Step 1: Understanding the Concept:
Sunlight consists of parallel rays from infinity. When a convex lens focuses parallel rays, they converge exactly at the principal focus.
Since the burning is fastest when focused perfectly, the distance between the lens and the paper is the focal length \(f\).
We can use the Lens Maker's Formula to relate the focal length, radii of curvature, and the refractive index.
Step 2: Key Formula or Approach:
Lens Maker's Formula: \(\frac{1}{f} = (\mu - 1)\left(\frac{1}{R_1} - \frac{1}{R_2}\right)\).
For an equiconvex lens (implied when only one radius is given), \(R_1 = R\) and \(R_2 = -R\).
Step 3: Detailed Explanation:
From the problem description, the focal length is \(f = 30 \text{ cm}\).
The radius of curvature is given as \(R = 60 \text{ cm}\). So \(R_1 = 60 \text{ cm}\) and \(R_2 = -60 \text{ cm}\).
Apply the Lens Maker's Formula:
\[ \frac{1}{30} = (\mu - 1) \left(\frac{1}{60} - \frac{1}{-60}\right) \]
\[ \frac{1}{30} = (\mu - 1) \left(\frac{1}{60} + \frac{1}{60}\right) \]
\[ \frac{1}{30} = (\mu - 1) \left(\frac{2}{60}\right) \]

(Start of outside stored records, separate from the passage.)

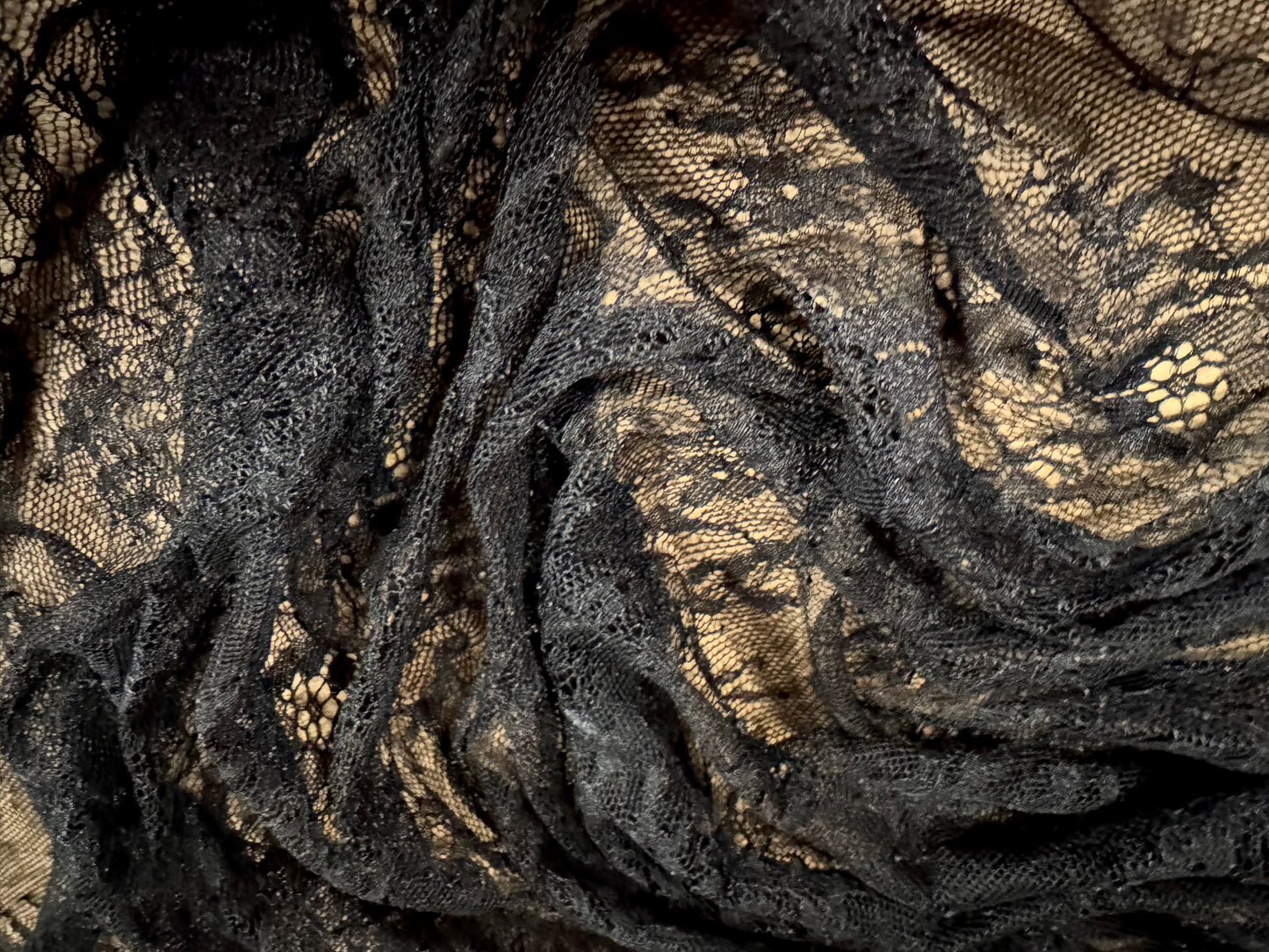 Lightweight mesh lace fabric, per metre - wildflower design - black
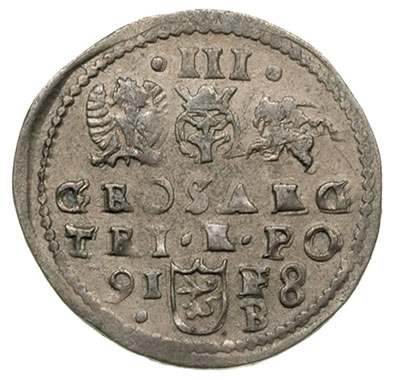fałszerstwo z epoki trojaka bydgoskiego 1598, podobny do - Iger B.98.2.a (R2), srebro 2.15 g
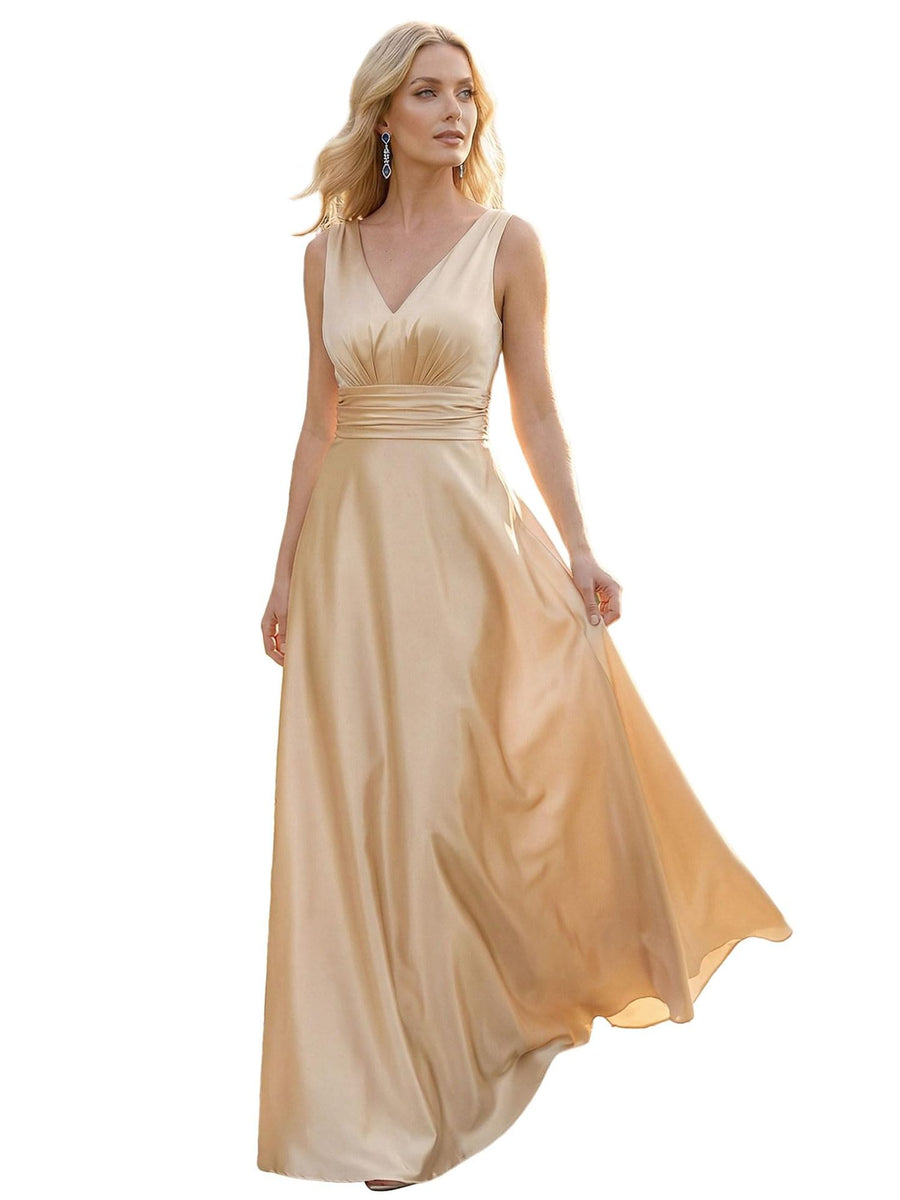 Amazon wedding bridesmaid sleeveless long evening dress annual meeting dinner prom dress slimming look long skirt dress for women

\[ \frac{1}{30} = \frac{\mu - 1}{30} \]
Multiply both sides by 30:
\[ 1 = \mu - 1 \implies \mu = 2 \]
The problem states the refractive index is \(\frac{\alpha}{10}\).
Equating the values:
\[ \frac{\alpha}{10} = 2 \implies \alpha = 20 \]
Step 4: Final Answer:
The value of \(\alpha\) is \(20\).